Laurette : En histoire, le cours commence avec leurs recherches. J’impose une période dans laquelle ils peuvent choisir ou non ce qu’ils vont traiter. Je me suis rendu compte en effet que certains se mettaient en difficulté en choisissant des sujets trop difficiles. Mais je guide plus que je ne décrète. Ce qui m’intéresse, c’est de montrer les mécanismes de la recherche historique. Après, il faut les recentrer sur les connaissances à retenir. Mais ce qui est intéressant, c’est ce qu’ils ont tiré du travail des autres. Et le collègue de SVT, qui n’a pas choisi de pratiquer ouvertement une pédagogie Freinet dans sa classe, a été impressionné par leurs compétences d’exposé dans sa discipline.

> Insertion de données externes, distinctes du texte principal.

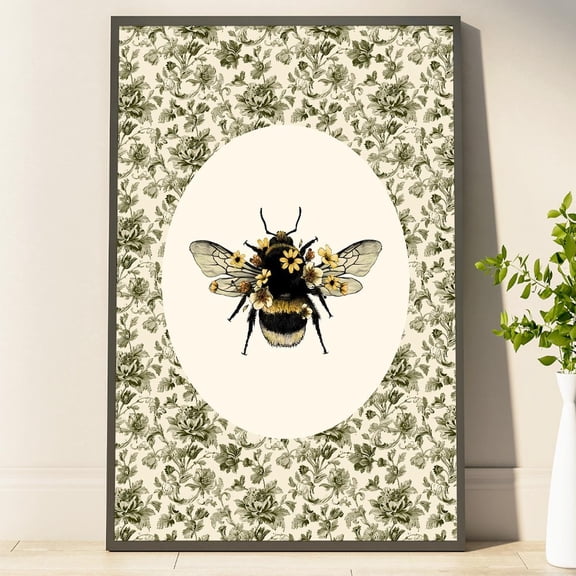 Vintage Bee Wall Art Poster Cottagecore Floral Botanical Insect Decor Bumblebee Oval Print Rustic Garden Art Poster Home Decor, Unframed Poster Size 8x12 F03.1.21l552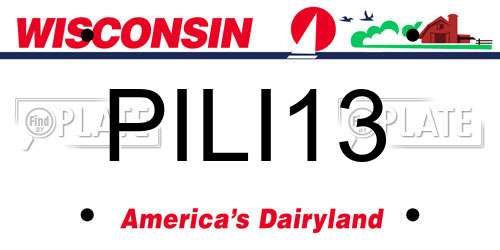 PILI13 Wisconsin License Plate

Une dernière question sur les pratiques d’évaluation mises en œuvre dans cette classe Freinet

Viviane : Pour l’instant, nous avons fait le choix d’une évaluation mixte car nous avons choisi de ne pas marginaliser la classe sur ce point compte tenu du fait que l’équipe est mixte (cinq professeurs dont le documentaliste travaillent en Freinet). Les parents reçoivent deux bulletins, un classique et un bulletin de compétences (sans note) que nous avons mis en place en parallèle. Quand l’intégralité de l’équipe pédagogique sera au fait, on pourra reconsidérer la question. Par contre, s’agissant des recherches en maths de mes élèves, Il n’est pas pensable que je mette une note, c’est comme si l’élève se « livrait » dans l’espoir de pouvoir avancer… Ce n’est pas une note qui peut le mettre en confiance… De même en travaux Individualisés, en DS ou DM je fais une double correction par compétences et par note… c’est nécessaire pour assurer les deux bulletins.

Et les parents dans tout cela ?

Viviane : Les parents nous encouragent. On peut dire que leurs attitudes nous aident beaucoup. Nous travaillons avec eux. Nous avons réussi à attirer des élèves qui allaient historiquement dans d’autres  établissements. Nous sommes devenus un peu plus attractifs grâce à eux aussi, parce que dès le début, ils ont été nombreux à nous soutenir et à croire en ce projet.




[1] Du nom de l’association qui fait découvrir la recherche en mathématique à des élèves du secondaire, sous l'impulsion d'un chercheur et de leur professeur.